Top of RECORDED DATA

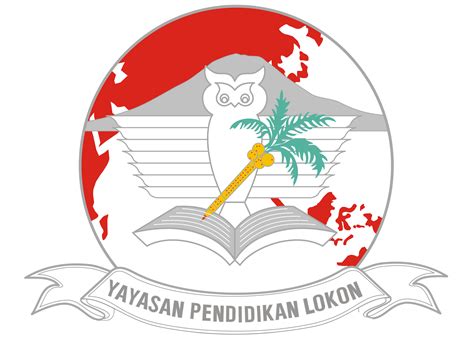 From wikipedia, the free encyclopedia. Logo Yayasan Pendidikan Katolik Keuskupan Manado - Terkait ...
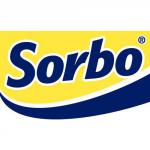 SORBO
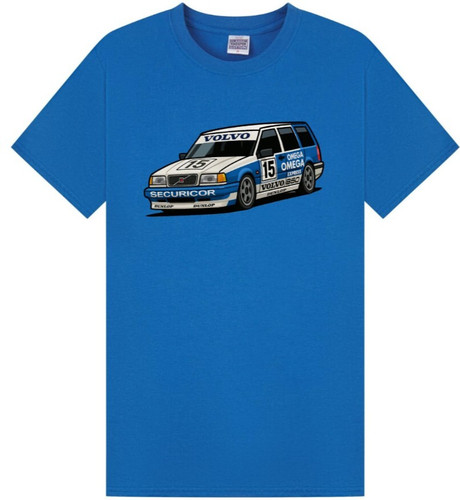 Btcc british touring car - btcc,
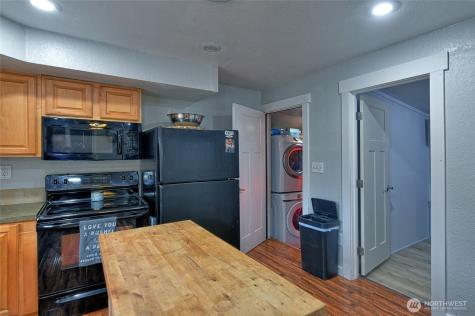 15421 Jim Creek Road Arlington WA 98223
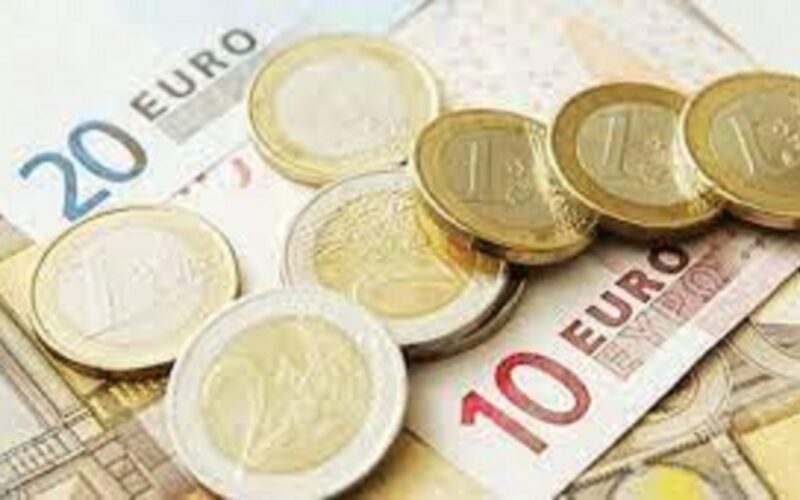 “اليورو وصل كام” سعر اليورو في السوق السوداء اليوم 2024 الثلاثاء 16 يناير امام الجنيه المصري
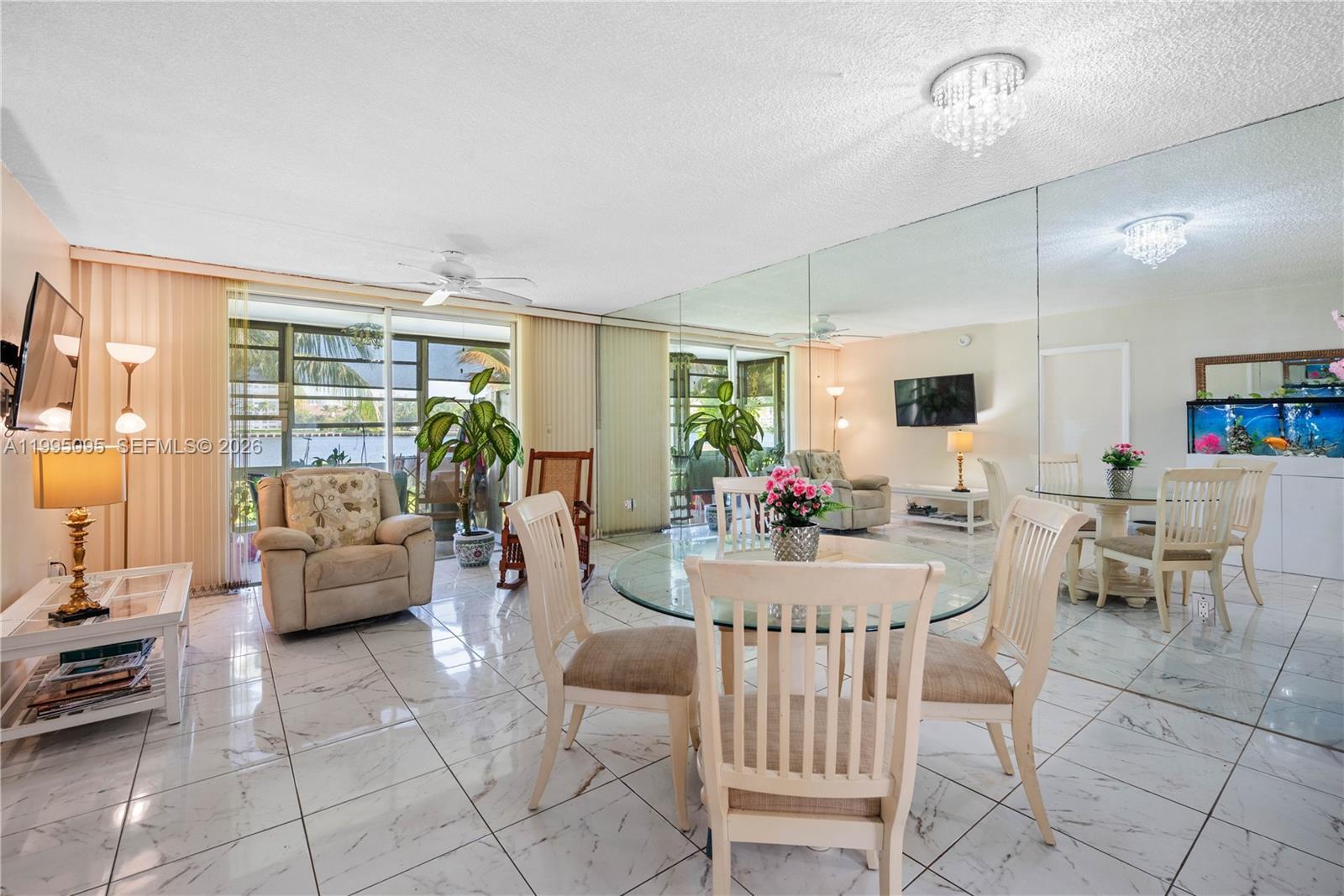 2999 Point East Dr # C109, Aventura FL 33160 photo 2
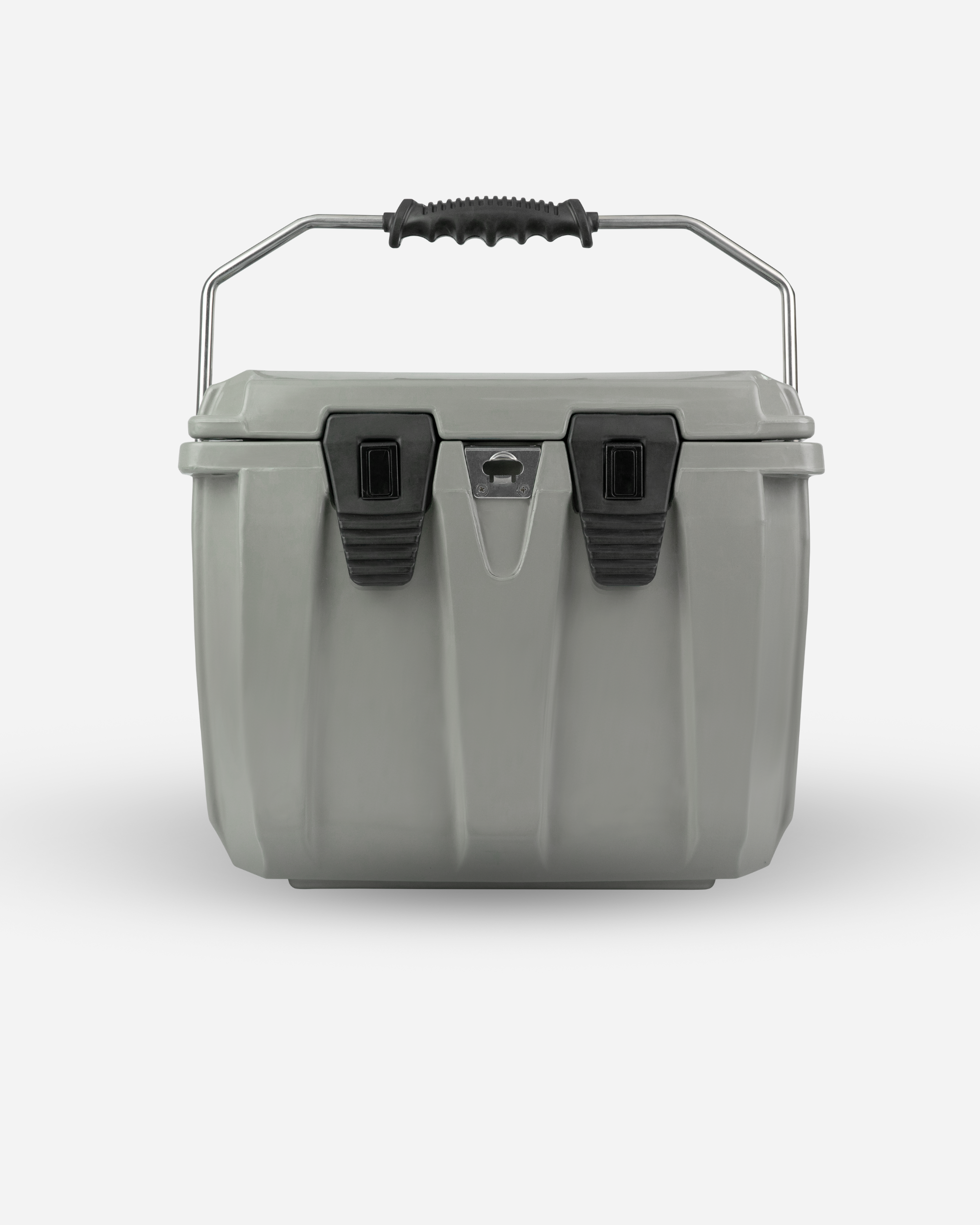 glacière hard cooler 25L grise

Bottom of RECORDED DATA
Top of RECORDED DATA

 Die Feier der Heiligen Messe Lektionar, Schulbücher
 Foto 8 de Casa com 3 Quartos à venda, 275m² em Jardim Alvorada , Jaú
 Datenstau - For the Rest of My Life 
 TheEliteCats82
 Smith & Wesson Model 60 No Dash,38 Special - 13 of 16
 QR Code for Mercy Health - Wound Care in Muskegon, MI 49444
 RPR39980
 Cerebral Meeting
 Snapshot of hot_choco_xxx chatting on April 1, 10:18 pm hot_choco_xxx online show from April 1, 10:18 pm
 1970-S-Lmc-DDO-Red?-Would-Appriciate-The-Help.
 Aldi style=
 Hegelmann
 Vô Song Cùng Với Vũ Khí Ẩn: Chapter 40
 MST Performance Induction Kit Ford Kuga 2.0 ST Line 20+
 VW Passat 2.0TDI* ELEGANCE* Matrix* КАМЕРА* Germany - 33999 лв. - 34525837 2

Bottom of RECORDED DATA

YOUR TASK:
Using the records above, restate word for word the lines from the one with "Foto 8 de Casa" through the one with "VW Passat 2.0TDI*", both included.

RESPONSE TO THE TASK:
 Foto 8 de Casa com 3 Quartos à venda, 275m² em Jardim Alvorada , Jaú
 Datenstau - For the Rest of My Life 
 TheEliteCats82
 Smith & Wesson Model 60 No Dash,38 Special - 13 of 16
 QR Code for Mercy Health - Wound Care in Muskegon, MI 49444
 RPR39980
 Cerebral Meeting
 Snapshot of hot_choco_xxx chatting on April 1, 10:18 pm hot_choco_xxx online show from April 1, 10:18 pm
 1970-S-Lmc-DDO-Red?-Would-Appriciate-The-Help.
 Aldi style=
 Hegelmann
 Vô Song Cùng Với Vũ Khí Ẩn: Chapter 40
 MST Performance Induction Kit Ford Kuga 2.0 ST Line 20+
 VW Passat 2.0TDI* ELEGANCE* Matrix* КАМЕРА* Germany - 33999 лв. - 34525837 2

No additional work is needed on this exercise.